Skymark Airlines, a Japanese airline company, shook the whole sky over Japan last month with its release of the service concept. “We offer no extra service. And extra entails a lot of things, but we just don’t offer them. If you have a problem, call the consumer complaint center (not us)” was the bottom line (Zakzak news here, Japanese only). I had something to rant about it, which I’ve forgotten for a while, so here is the cold dish.
I agree, “Safety costs money. Elaborate service costs money. We don’t cut costs on safety but we do with service, and that’s how we make it cheap. If you don’t like it, fly with some other company.” But when Skymark says it, that’s one of the very legitimate reasons why it led to the flaming argument because of the past incident cases of the very airline. Another reason probably is the dissonance when you wonder how the staff who have been trained about safety can remain incompetent in serving customers at some standard level.
I used to work at Mt. Fuji guiding tours, where safety was, just like up in the air, first priority. The last thing you want to do is see customers get hurt, get sick or go missing. So you’d rather be mean and sometimes stop them before the peak, if that’s where the limit is for the customer to fully enjoy it but not beyond the boundaries of capability and safety. But then I noticed, finally, that active and friendly communication led to safety. If you are smiling while guiding, customers can more easily tell you how they are feeling, about their secret chronic disease, or how they can’t wait for a beer. And when the smiley guide tell them with a serious face like, “Typhoon is coming straight towards us. Let’s go back,” that’s easier for them to listen to and follow. I assume the story works about the same in the air.
I think, personally, it will be an important strategy in Japan to get rid of extra smiley service in pursuit of price competitiveness. But I also feel that this incident may delay it. Some economist called this kind of service “emotional labor,” on the assumption that providing services that way itself is a cost factor.

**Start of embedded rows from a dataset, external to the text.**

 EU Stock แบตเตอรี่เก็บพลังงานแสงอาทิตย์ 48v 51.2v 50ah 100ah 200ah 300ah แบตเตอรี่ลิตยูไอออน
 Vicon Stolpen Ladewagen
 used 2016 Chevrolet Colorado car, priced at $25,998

In Japan, on the other hand, service equals free, just like safety and water are said to be considered so. Or, the notion of emotional labor can be replaced with issues like work ethics or personal capability. So there is no wonder that the launch of this policy stirred it up so bad.
Fast forward my random thoughts and here is the conclusion, my wild hypothesis: Isn’t this a stepping stone laid down by Skymark so that it can hire foreign staff who don’s speak Japanese?

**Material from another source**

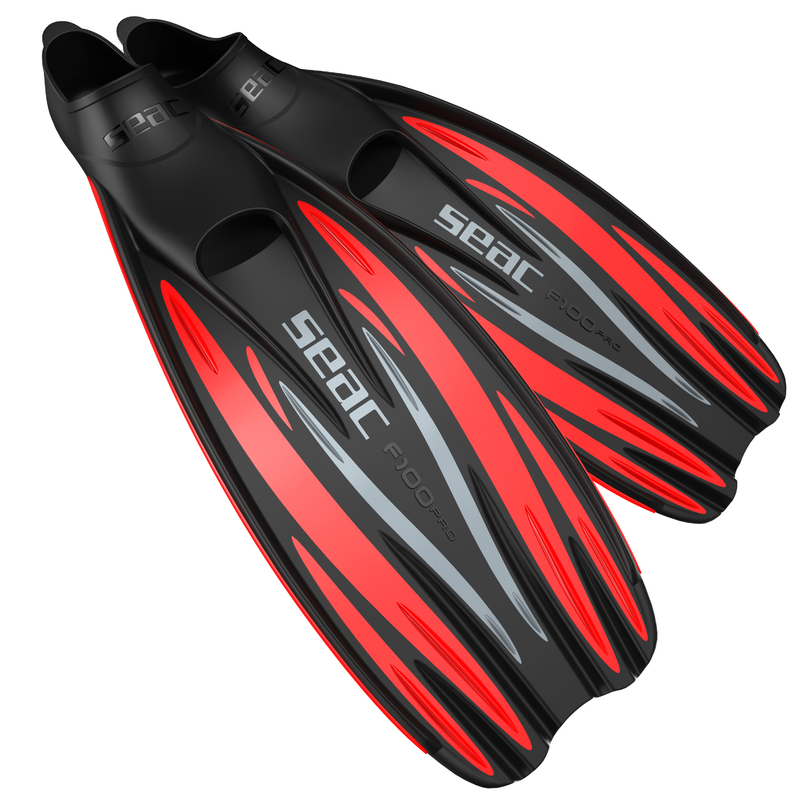 Seac Sub F100 Pro Schnorchelflossen Seac Sub F100 Pro Schnorchelflossen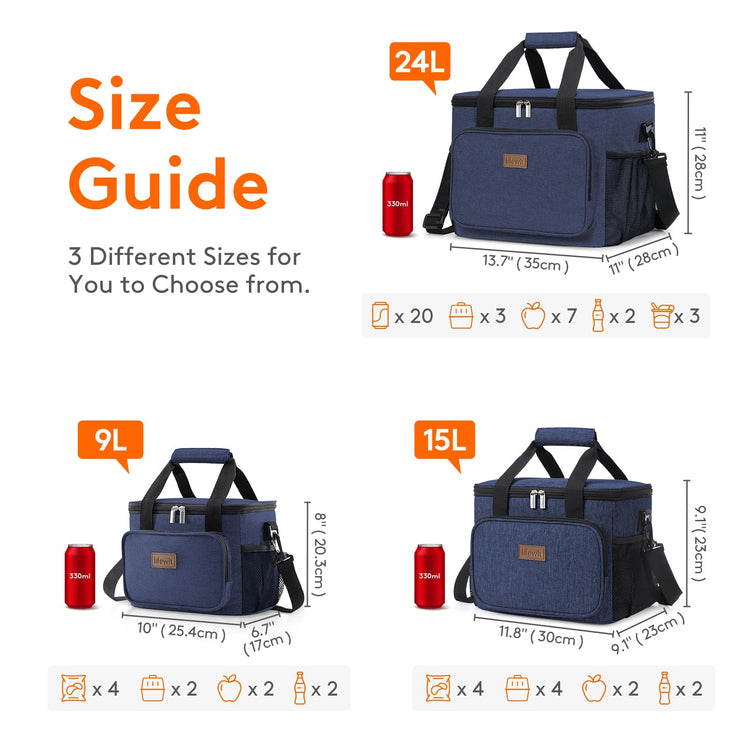 Large Lunch Bag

That almost completes the puzzle. If they hire those who have experience in airlines in cheaper countries, the running cost of labor as well as cost for the training period can be cut. These workers will have had some safety education, and there’s no problem if they don’t speak much Japanese. Bingo.
If you ask me if I’d ride, well yes, I’d like to give it a shot, as long as it’s safe.
By the way, the policy of North Shore Products is more like this: “Rather than sweating out on emotional labor, we proudly offer the greatest products and experiences. However we end up having the smile anyway, because we love what we are doing.”